IIi = (f Focal aid i)/N1 +(f Innova aid i)/N2 +(f Patents i)/N3
where f is the frequency with which a firm i has applied for aid and/or has registered a patent. The time interval for the study is from 2008 to 2017, that is, 10 years. However, aid for innovation in Castilla-La Mancha was provided in different yearly periods, so N1, N2, N3 are different: N1 = 9, N2 = 7 and N3 = 10 (the only one covering the whole period). If we replace N1, N2, N3 with their values, we get the following expression:
IIi = (f Focal aid i)/9 + (f Innova aid i)/7 + (f Patents i)/10
Focal refers to aid covered by Rural Development Plans which are co-funded by the European Agricultural Fund for Rural Development (EAFRD) and national and regional Administrations. The aim is to increase the added value of agrifood firms by means of innovations in the processing and/or sale of their products. Innova refers to direct subsidies, 80% being funded by the EAFRD, which aim to promote R&D+I activities for the creation of new goods or services, or a significant improvement in existing ones and/or new or significantly enhanced processes.
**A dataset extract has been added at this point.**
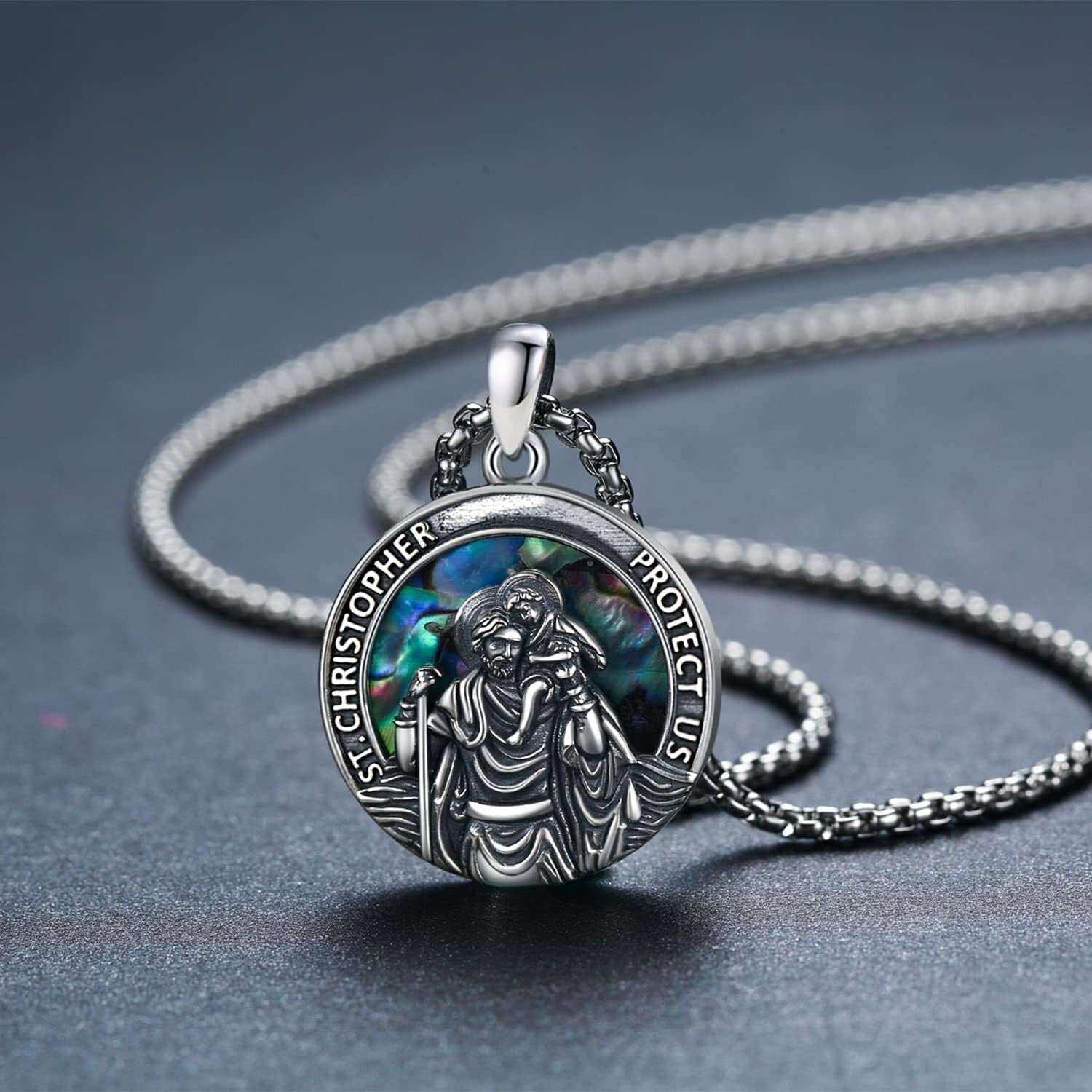 Elegant St Christopher Protection Necklace - 925 Silver and Abalone Gift Boxed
Finally, Patents and Utility Models refer to legally registered technological innovations (in our case, with the Spanish Patent and Trade Mark Office, SPTO).
The general average IIi or the agri-food industry was 0.30, which indicates a low intensity of innovation [8,95,96,97,98,99]. By sector, the highest rate was for beverage processing firms, with II = 0.34; next was food processing with 0.31, then primary agricultural products with 0.24. These results are in line with national data, which show that investment in innovation in the primary agricultural products sector was 0.41% of sales volume, compared with 0.57% in the agri-food processing sector [100,101].

2.2. Sample and Variables

The database used in this study is made up of primary data from innovative agri-food firms in Castilla-La Mancha whose economic activity is classified as primary agricultural products, food processing and beverage processing. The study period is 2008 to 2017, which corresponds to two periods within the Rural Development Programme for Castilla-La Mancha. The total sample comprises 771 firms with II > 0 which represents all firms in Castilla-La Mancha which requested FOCAL and INNOVA aid during the period considered. We thus drew up a cross-section, and the variables used in this study are given in Table 1 and Table 2.
As shown, there is a wide range of variation in the innovation index, as confirmed by the Kruskal–Wallis test (chi-squared with ties = 9.176, p = 0.0102), because the firms belong to different groups of agricultural activity. However, within the same group, firms have a similar II, with p associated with the Kruskal–Wallis test in excess of p > 0.05: for primary agricultural products (chi-squared with ties = 102.000, p = 0.4814); food processing (chi-squared with ties = 293.000, p = 0.4890), and beverage processing (chi-squared with ties = 202.000, p = 0.4868).
Finally, we used the GRETL, STATA 15, and SPSS 24 software to obtain statistical and econometric results.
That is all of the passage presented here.